As you watch the new version, a rather mean game worthy of the Plastics sets in. Who out-performs, or at least matches, their predecessor, and who pales in comparison? In truth, everyone pulls their weight, but there are stand-outs. Angourie Rice is a reliable centre of gravity as main character Cady, sensibly resisting the urge to camp it up as the OG new girl similarly underplayed, albeit immortalised before by Lindsay Lohan. (Spoiler alert: Lindsay returns for a slightly wooden cameo in 2024.)

“Tina Fey of course edits and accentuates Mean Girls’ dialogue for a 2024 audience”

Elsewhere, Avantika Vandanapu is sensational as Karen, taking the character to a place of joyous, heavily lip-glossed farce. Her take couldn’t be more different than Amanda Seyfried’s featherlight approach to everyone’s favourite lovable idiot two decades ago. She’s also a transfixing dancer. Tony-nominated Jaquel Spivey, meanwhile, employs the dulcet tones and stage presence of Sam Smith to turbocharge Damien, who sort of gets a love interest this time around.
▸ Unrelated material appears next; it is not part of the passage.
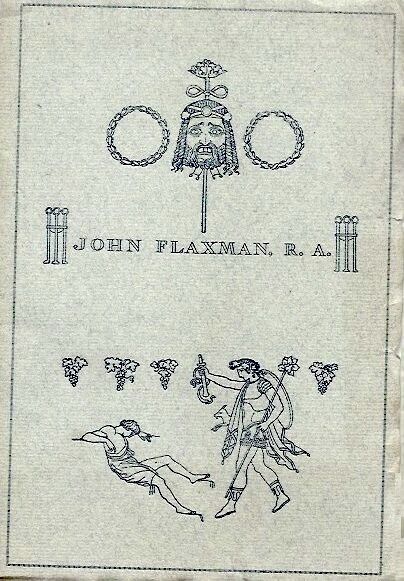 John Flaxman, R. A. - Catalogue of an Exhibition Of Original Drawings 1918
Mean Girls is back, back, back for a new era (Image: Paramount)

This is one of several nips and tucks carried out by Mean Girls‘ creator Tina Fey, also back and looking exactly the same as Ms. Norbury. She of course edits and accentuates the dialogue for a 2024 audience: social media references are in, naturally, and problematic gags are out. Some may find the new humour too safe, but at least one zinger that made us guffaw (“if you don’t dress like a slut, you’re slut-shaming us!”) is razor sharp.

Evidently, a new trend is upon us: Mean Girls is not the only seemingly unnecessary movie-turned-musical coming up. And while you may expect the worst of The Colour Purple, out this month, you can trust us when we say the LGBTQ-themed masterpiece is overpowering in its urgency and authenticity. It just had to be made, no two ways about it.

Mean Girls 2.0 is not that. But then, it’s not trying to be. And while it may lack the heart and of course the spontaneity of its ancestor, it is absolutely hilarious, and not remotely the lazy cash grab we feared. For that reason, it can sit with us… ‘Us’ being the pantheon of crowd-pleasing teen comedies that are somehow more than the sum of their parts. Grool!